Politico ran an excellent piece yesterday about the “GOP’s media cocoon.”  Written somewhat defiantly against criticisms of their reports on the president’s lead in the polls as being biased, the article chronicled how stunned the right was that President Barack Obama was not only reelected, but that he carried over 330 electoral college votes.  It was so surprising, Governor Mitt Romney was reportedly “shellshocked” after he lost an election that he didn’t have a concession speech prepared for.  But can you really blame him?  For months, if not years, the rightwing punditocracy from Fox News on up to the conservative intelligentsia of George Will and Charles Krauthammer have reported how awful Obama is and were predicting a landslide.  I mean even Dick Morris said so!

 
“What Republicans did so successfully, starting with critiquing the media and then creating our own outlets, became a bubble onto itself,” conservative columnist Ross Douthat told Politico.  Lifelong think tanker Ben Domenech took it a step further, “The right is suffering from an era of on-demand reality.  We have become what the left was in the ‘70s—insular.”  Indeed, it was so unbelievable that Republican mastermind Karl Rove was in utter denial on Fox News and challenged the electoral reality with all of America watching.  Woe is the man who took $300 million by promising the world on cable news and delivered but one Senate seat.

Yet, none of this should be surprising.  For over a decade conservative media has become increasingly withdrawn into its own rhetoric to the point where they did not only dislike the perceived liberal bias in the "mainstream media,” but rejected almost all information reported in it.  A month out from this election, there was a firestorm on talk radio, Fox News and other media outlets about refuting professional polls simply because they showed Romney was trailing Obama’s numbers.  This happens when a culture cultivates its own facts.  This blog is not an indictment of conservative ideology, but an observation that one cannot simply will their desires and opinions into reality by saying them angrily and repetitiously enough.

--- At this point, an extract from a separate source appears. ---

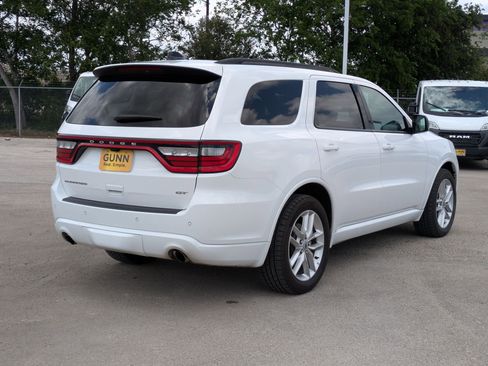 Used 2024 Dodge Durango GT image 3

At the beginning of the Obama presidency, Fox’s biggest rising star was radio host Glenn Beck.  He built his brand on one of outrage and paranoid innuendo.  More than once, he proudly announced his kinship with Peter Finch’s Oscar-winning character, Howard Beale, as seen in the clip at the top of this blog. “I’m mad as Hell and I’m not going to take it anymore,” was Beale’s slogan and supposed philosophy in the movie, Network.  “That’s the way I feel,” Beck said.  In 2009, Frank Luntz, pollster and icon of Fox News and the conservative blogosphere, surveyed some 6,400 Americans and found that when asked, nearly 72 percent of participants agreed with the Beale catchphrase.  It practically became a mantra of the right going into the 2010 midterms and now the 2012 general election.

The lost irony is that the quote from Chayefsky’s screenplay is entirely empty, meaningless and satirical.  Even as Beale is screaming it, he admits he has no idea how to solve any problems, but he wants to create a populist rage anyway.  While he gets his viewers to scream into a literal thunderstorm of cacophony, Faye Dunaway’s opportunistic TV producer is already calculating how to market, patent and merchandise the line.  As the movie progresses, it becomes increasingly clear that Beale is suffering from a mental breakdown and has no clue what he's talking about.  But he becomes the star of his network and the hard-edged nightly news broadcast in the mold of Cronkite that he once anchored is thrown away for little more than a game show.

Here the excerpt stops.